I've written this query :

SELECT 
    "BD - Utilizadores".Utilizador, 
    "BD - Utilizadores"."Palavra passe", 
    "BD - Áreas".área 
FROM "BD - Utilizadores" 
INNER JOIN "BD - Permissões" 
    on "BD - Utilizadores".id = "BD - Permissões"."user_id" 
Join "BD - Áreas" 
    on "BD - Permissões".area_id = "BD - Áreas".id

I want to join data from table "bd - utilizadores" with "bd - áreas". Since they have no direct link up I had to use a "man in the middle" i.e. "bd - Permissões". Here is the diagram:

Link Tables

My main question is, is there any other way to do this and get the same result?

3 Answers 3

10

tl;dr

The short answer is no. You have to do the multiple join, even if you only want columns from the two tables 'on each side'.

Table design

This seems like a pain, but although it makes your queries longer, it is much more important to get the database structure, including foreign keys right, than it is to make queries short.

There are a couple of ways of arranging foreign keys, sometimes with extra tables which are only there to express relations. For example, if every Cat has a unique Mouse, there could be a foreign key from Cat to Mouse with a unique constraint. It could even be the primary key of Cat. If every Cat has zero or more Mouses, but no Mouse having more than one Cat, you would have a usual foreign key from Mouse to Cat. If every Cat has zero or more Mouses, and every Mouse has zero or more Cats, you would create a third table CatMouseMatching, which has an entry for each 'edge' between a Cat and a Mouse, with foreign keys to the Cat and the Mouse. You will learn that these patterns are very important and the basic cases cover a lot of situations.

Now, suppose that you reverse the foreign keys in your table design, so that Utilizadors and Areas both have a foreign key to Permissoes. This would mean that you could simplify the join - because you could filter on permissoe_id being equal in both tables. However, this would be a quite strange relationship between Utilizador and Area which might not correspond to reality. You might have an Utilizador associated with a Permissoe which did not have any Area linked to it.
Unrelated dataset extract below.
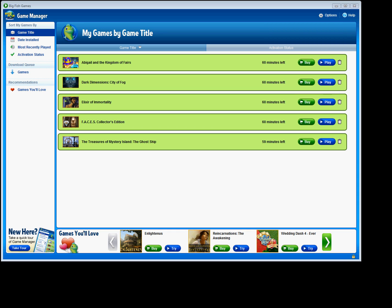Hi, this is Jeremy with Big Fish Games Customer Support. Today I'd like to show you some of the exciting new features of Game Manager.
This Utilizador would just disappear from the inner join.

This might only make sense if there was some real entity which formed the link between the two entities. For example, every Cat lives in a House, and every Mouse lives in a House. You can easily find the Cat-Mouse pairs which live in the same House.

Practical tips

You could always create a VIEW, which makes a common query act like a table. Your query above could be defined as the view, and then other queries could select from it and join to it, without having to understand what joins make up the view internally.

If you don't create a view, you might at least save the snippet of code which does the join, so that you can paste it into other similar queries later.

1
  • 2
    I need to study more about relations, and a lot more, can you link me to a good paper about relations? And thanks for your help. I will read and re(read) your explanation so i can fully understand the concept.
    – Eudes
    Sep 10, 2015 at 11:49
6

If that is the result you want (all combinations of permissions set between for users for area) then no.

If you are looking to list all areas and users with their respective permissions including where no permission is set then you need to CROSS JOIN those table then LEFT OUTER JOIN the permissions table to both.

As a side note: it may be beyond your control if it is someone else's DB but I would avoid spaces in table names where possible, and non-ANSI characters too. That will make the code easier to read (though that is of course subjective opinion), avoid the need to escape the names with quotes or brackets, and reduce problems later if you need to access the DB with tools that don't support such things in names or need to migrate the database to another platform that doesn't.

2
  • I know right, but the names are above my pay grade, Anyway i been tryin to find SQL Standars i've found SQL-99 about join, do you where i can find more of them? Thanks
    – Eudes
    Sep 10, 2015 at 11:46
  • For information about the official standards, see en.wikipedia.org/wiki/SQL#Interoperability_and_standardization and the links there-in. For what database vendors have implemented (which sometimes differs from the standard), see their product documentation. Reading the dry standards might not be the best way to learn though, if that is your goal. Sep 10, 2015 at 17:17
5

I think you may be mixing up syntax and semantics. It is syntactically correct to join any two tables on any columns that are type compatible. For example, you could join Utilizadores and Áreas on email = area. It would be legal SQL to do so but it would be meaningless. In other words, syntactically valid but semantically invalid.

The table Permissões is there for a reason. Its existence records meaning. A row in that table connects a user to an area for a reason. It may be that user manages that area, or sells into that area or is banned from entering that area or any other possibility. The real-world situation that your database models will determine what the meaning is. There may be several reasons to join two things and those reasons should be modeled separately. Take the example of a person and a car. The same person may be the registered owner of the car, he may have paid for it and he may be driving it right now. Those are three different facts, however, none imply the other, each have different semantics and should be modelled separately.

By joining to Permissões you are using the semantics built into that table. Any other join will have different semantics, so even if it returns the same values it will have different meaning and so will not be equivalent.